BEGIN Records for this exercise

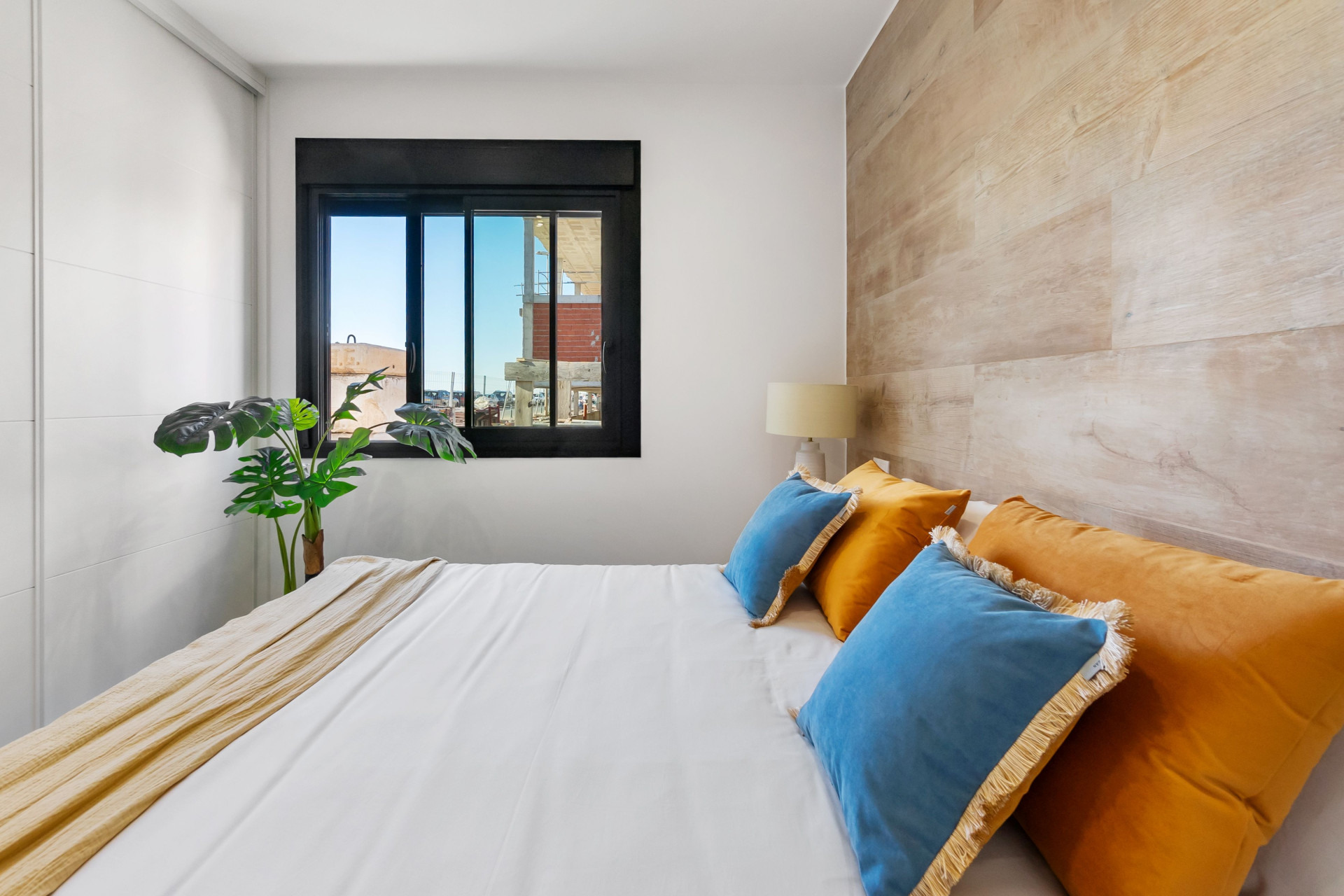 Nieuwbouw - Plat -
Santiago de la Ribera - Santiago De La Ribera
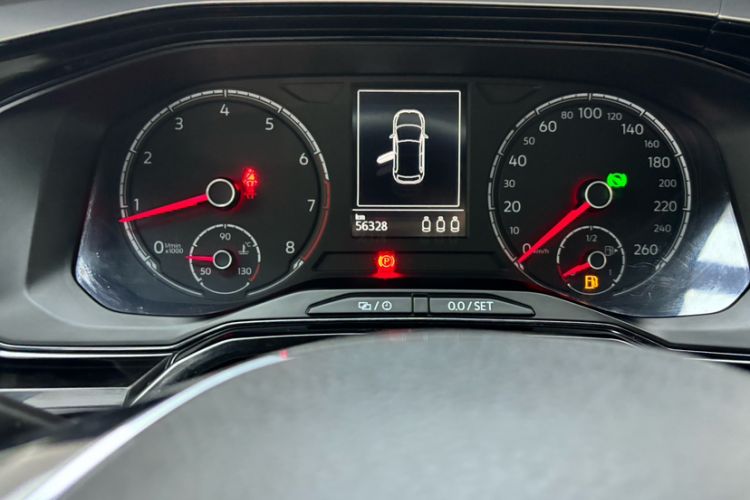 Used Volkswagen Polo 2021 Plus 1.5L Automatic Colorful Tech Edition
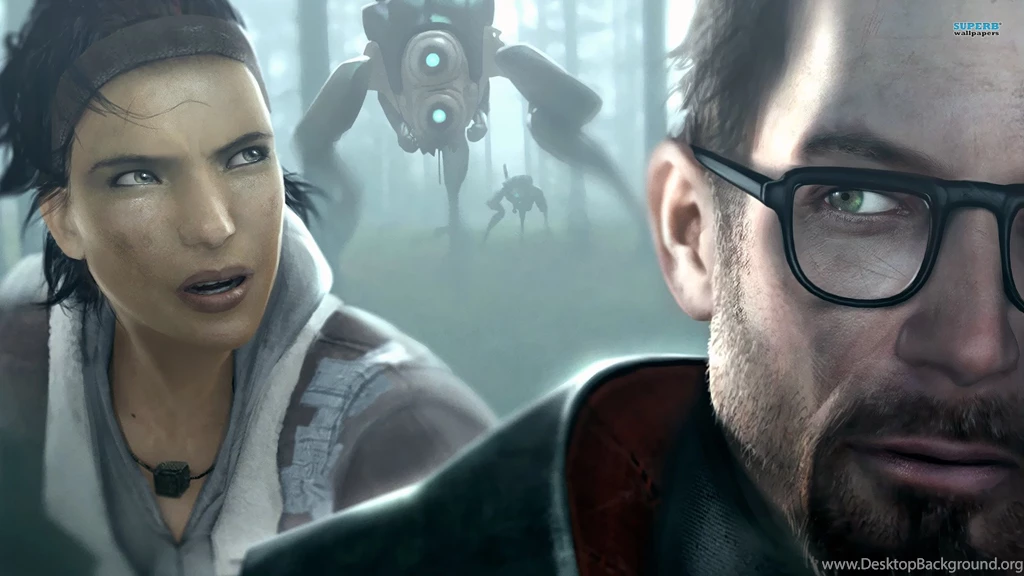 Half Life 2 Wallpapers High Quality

END Records for this exercise
BEGIN Records for this exercise

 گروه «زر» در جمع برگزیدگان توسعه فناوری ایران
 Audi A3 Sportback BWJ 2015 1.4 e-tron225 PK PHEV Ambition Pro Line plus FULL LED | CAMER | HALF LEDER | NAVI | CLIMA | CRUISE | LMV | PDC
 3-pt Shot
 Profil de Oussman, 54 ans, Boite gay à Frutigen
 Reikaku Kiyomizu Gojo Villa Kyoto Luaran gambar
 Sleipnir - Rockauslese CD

END Records for this exercise

> **Problem to solve**: Go down the entries above from the line containing "Used Volkswagen Polo" to the line containing "Half Life 2 Wallpapers High Quality" and write out each line exactly, leaving pictures out.

> **Problem solution**:
 Used Volkswagen Polo 2021 Plus 1.5L Automatic Colorful Tech Edition
 Half Life 2 Wallpapers High Quality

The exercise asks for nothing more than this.